Marcus’ 4 a.m. Monday forecast

INDIANAPOLIS (WISH) — Heavy downpours will present a flooding risk almost every day this week.


Today: Heavy Rain Arrives, Flooding Possible

An upper level disturbance lifting moving across the state today, combined with an exceptionally muggy atmosphere, will produce scattered to widespread showers and thunderstorms through the day, with coverage and intensity increasing this afternoon. Areas south and west of Indianapolis face the greatest risk of heavy, potentially flooding rainfall today.

The higher flooding risk is across northwestern counties and east-central areas — particularly from Lafayette southwest to the I-74 corridor west — where 2 to 4+ inches of rain has already fallen over the weekend.
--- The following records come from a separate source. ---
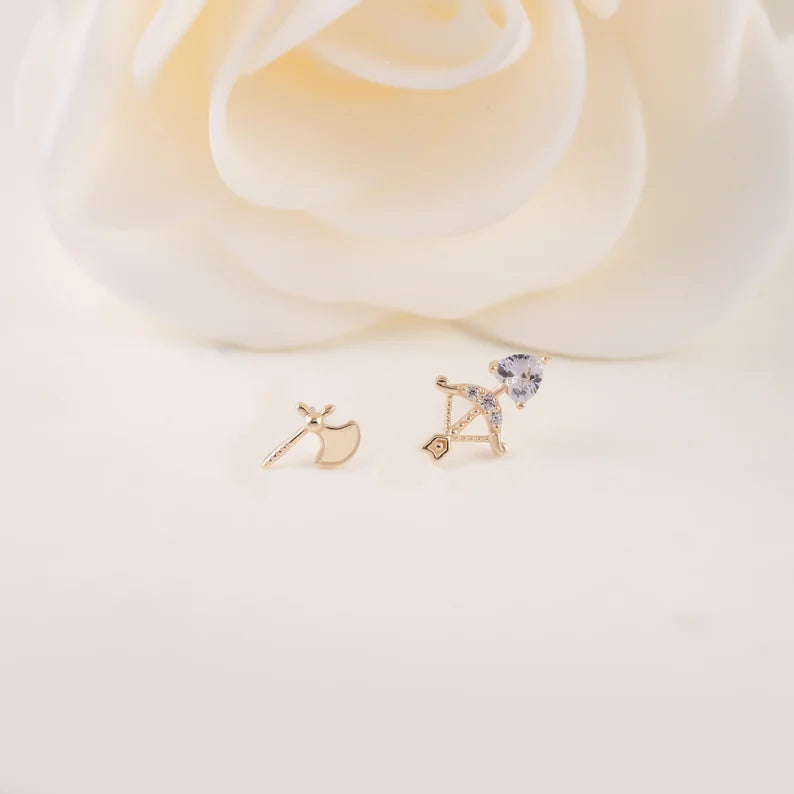 14K Gold Cupid’s Bow Helix Stud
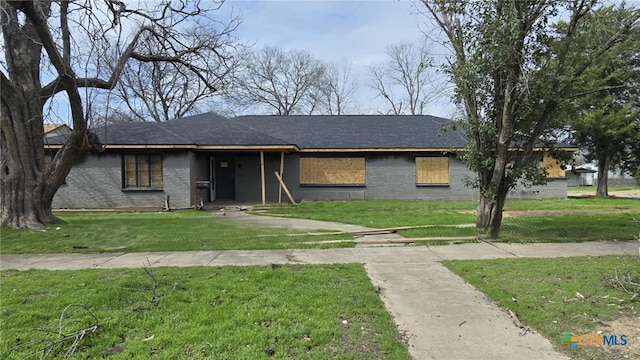 single story home with a front yard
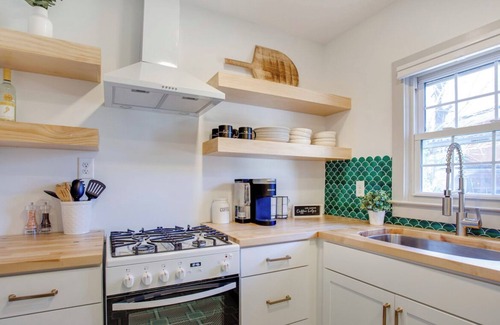 Downtown Casa | Nestled on New Bern - Oakwood Bungalow in Downtown Raleigh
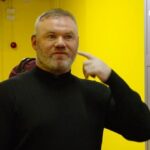 Wayne Rooney revelou que é surdo do ouvido esquerdo e que tem dificuldade para ouvir os apresentadores do Match of the Day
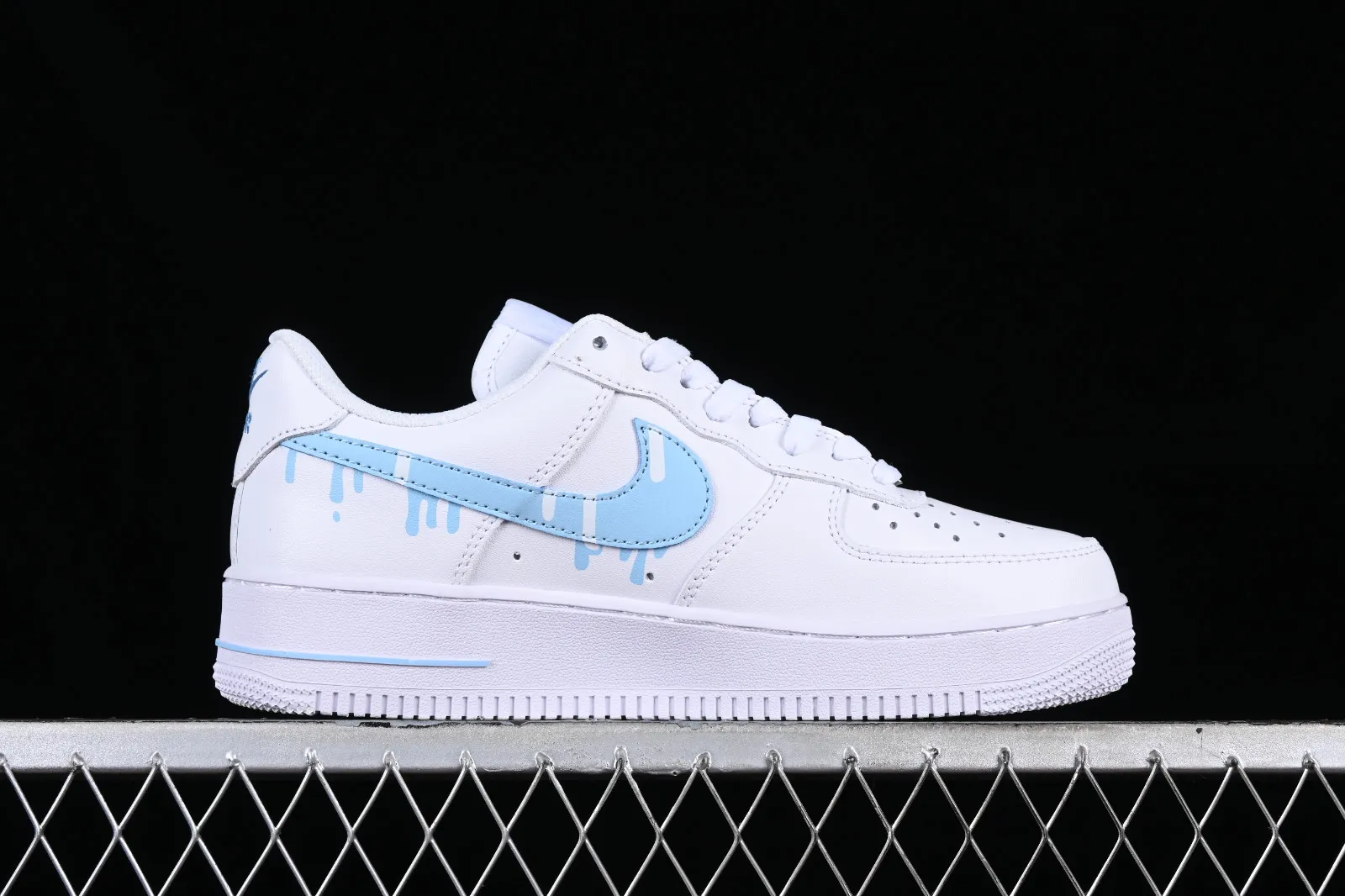 Nike Air Force 1 07 Low Supreme White Light Blue CW2288-005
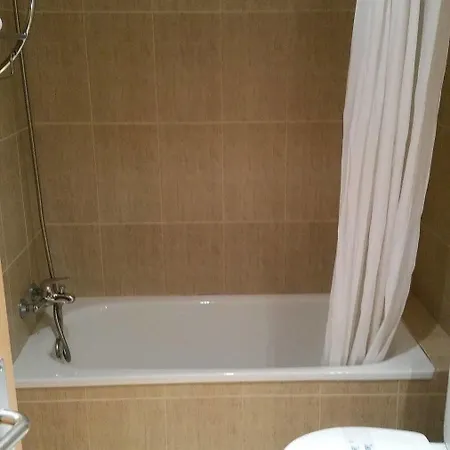 Goyesco Plaza Guest house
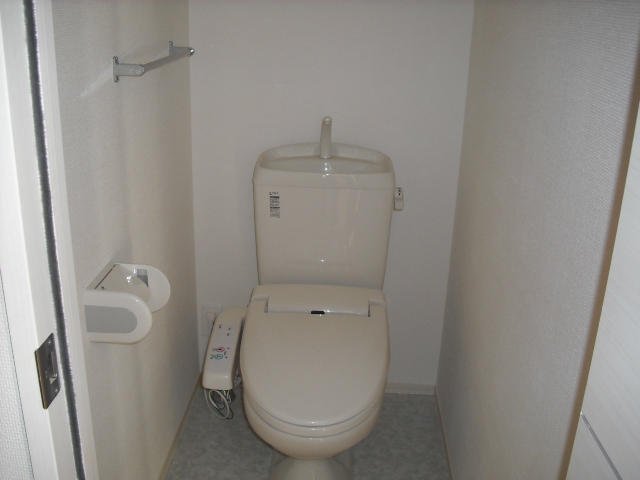 トイレ　嬉しいウォシュレット付！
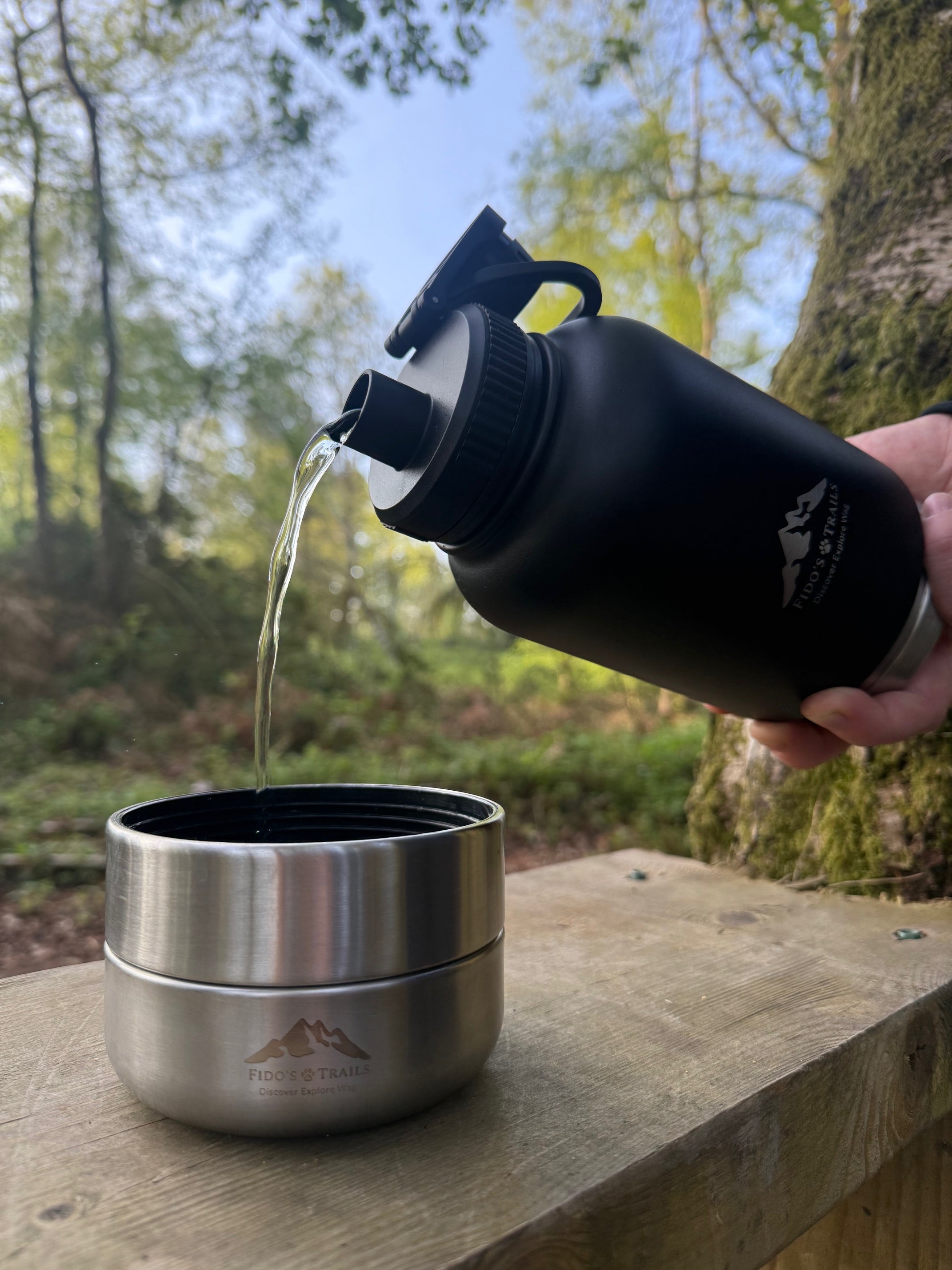 Fido's Trails 3-in-1 Water Bottle with Detachable Bowls – For Dogs & Owners, 1 Litre Black 3-in-1 Water bottle Black Black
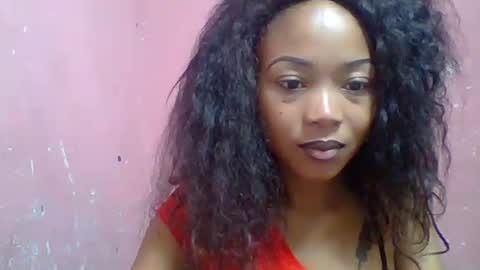 estelah20 online show from 10.03.25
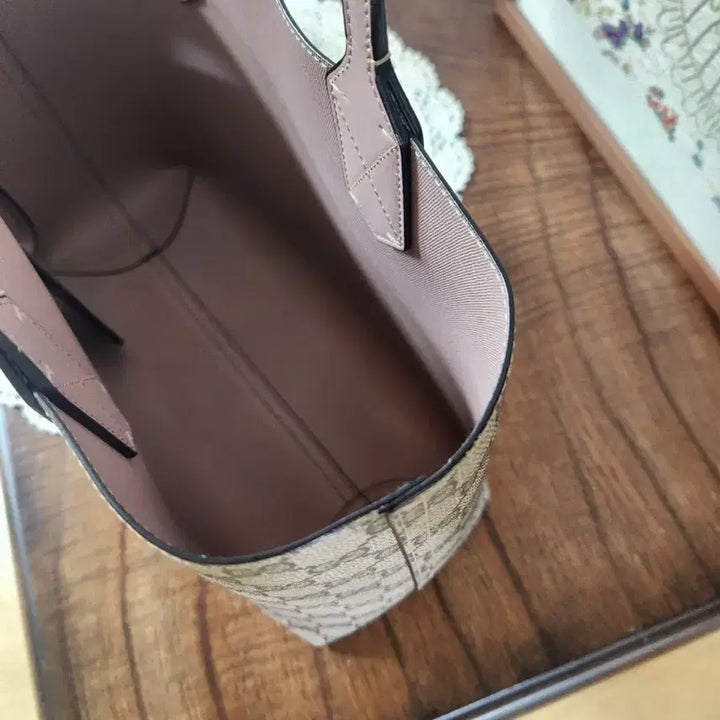 [SOLD OUT] 구찌 GG 슈프림 핑크 리버시블 스몰쇼퍼백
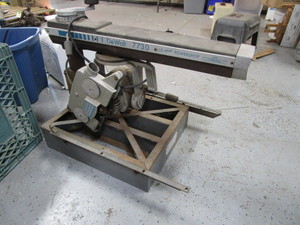 lot 305 image: DeWalt Radial Arm Saw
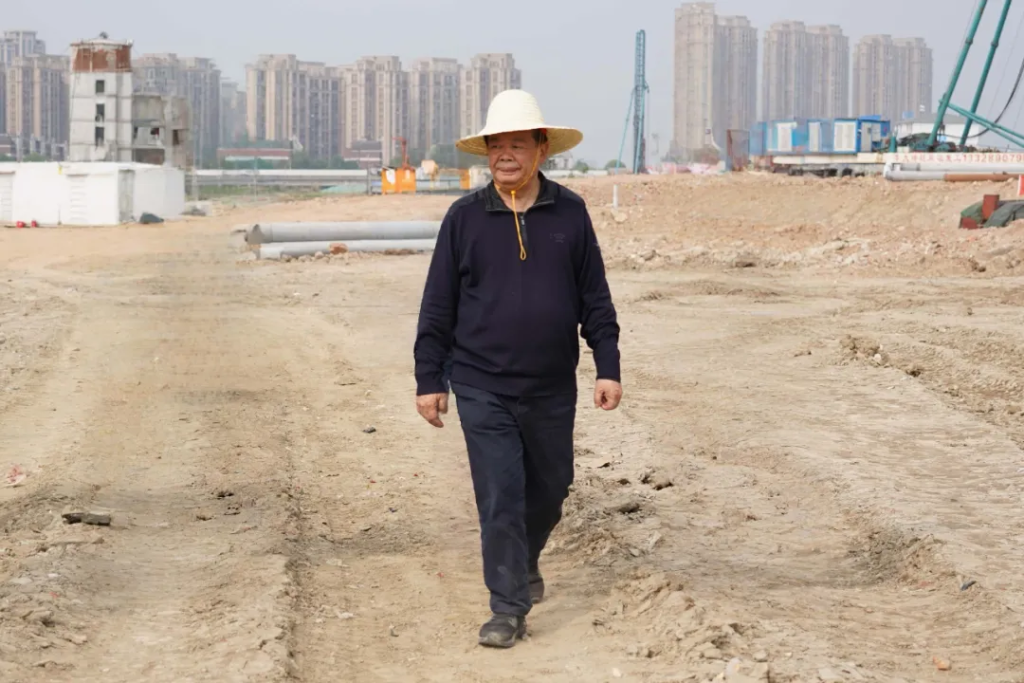 曹德旺在福耀科技大学开学典礼致辞：教育绝不能脱离实际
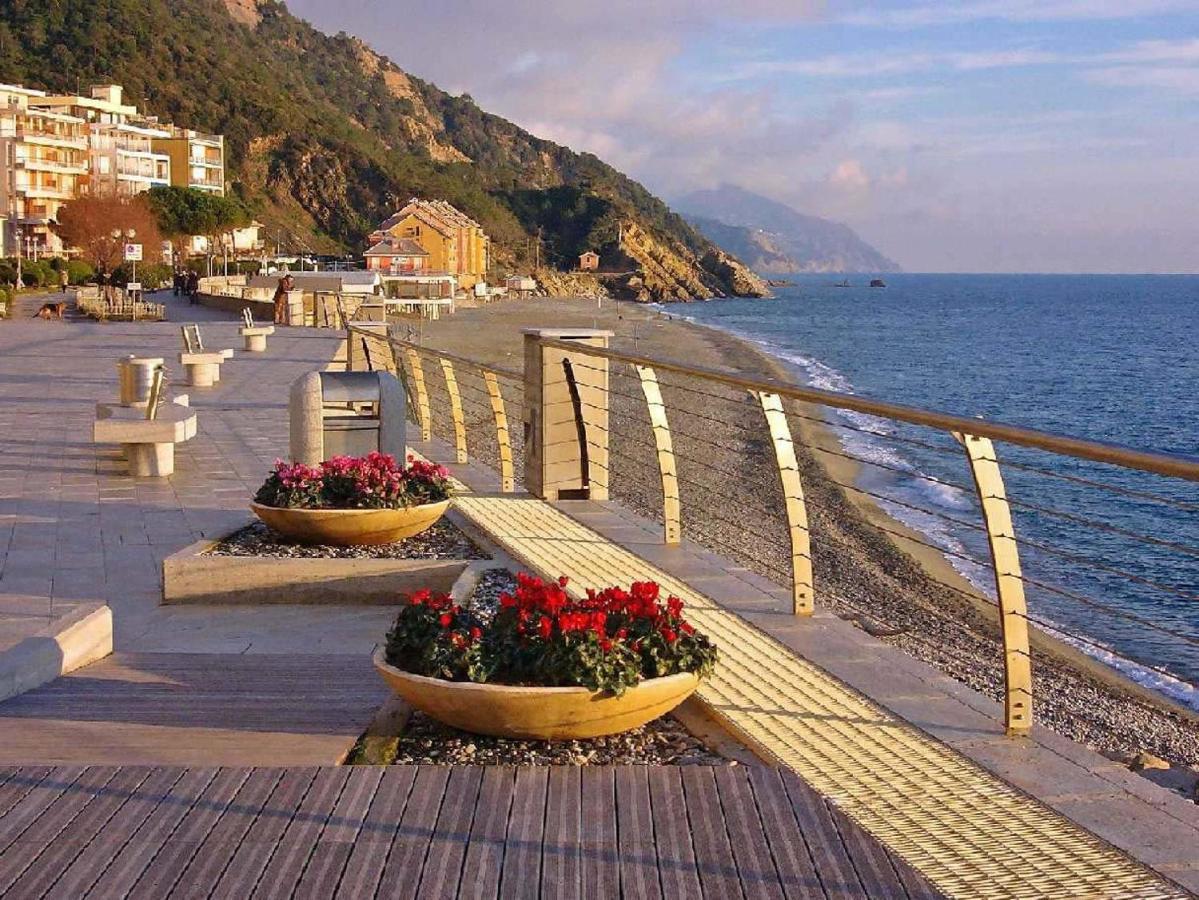 Eden Hotel Deiva Marina Luaran gambar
Those saturated soils have little capacity left, and even modest the lightest amount of rainfall could push streams and low-lying areas over the edge.

Rain continues into tonight before gradually diminishing as the trough pushes into Ohio overnight.


Tuesday: Morning Showers East, Clearing by Afternoon

a few light showers across the eastern portion of the area are possible through Tuesday morning. We should improve significantly by afternoon as the system clears to the east, Temperatures rebound into the upper 80s under clearing skies.


Wednesday: Afternoon Storm Chance

Wednesday brings more of the same sticky, summer-air — warm southwest flow, high humidity, and enough afternoon instability to pop isolated showers and storms through the evening hours.


Thursday and Friday: Strong Storms Possible

The extended forecast continues to highlight late Thursday into Friday as the most significant severe weather and flooding setup of the week.

Thursday will be hot and unstable. Dew points in the upper 60s to low 70s and strong afternoon heating push temperatures into the upper 80s to low 90s, loading the atmosphere with a lot of energy. Isolated to scattered pulse thunderstorms fire easily through in the afternoon hours.

Late Thursday, a cold front moves through Central Indiana — and that’s when the setup turns more rough with isolated storms forming into lines and clusters capable of damaging straight-line winds — the primary threat— and isolated large hail. With high moisture content in the air, any storms that train over the same areas will pose a serious flash flooding ris, particularly across the parts of Central Indiana that will have already absorbed multiple rounds of heavy rain this week.


Weekend: Some Relief

The cold front clears southern Indiana late Friday night into Saturday morning, and a strong Canadian high — will bring a sharp northwest wind shift, which in turn will bring cooler and drier air through Saturday. Highs will be a bit closer to average, but humidity will be dramatically lower.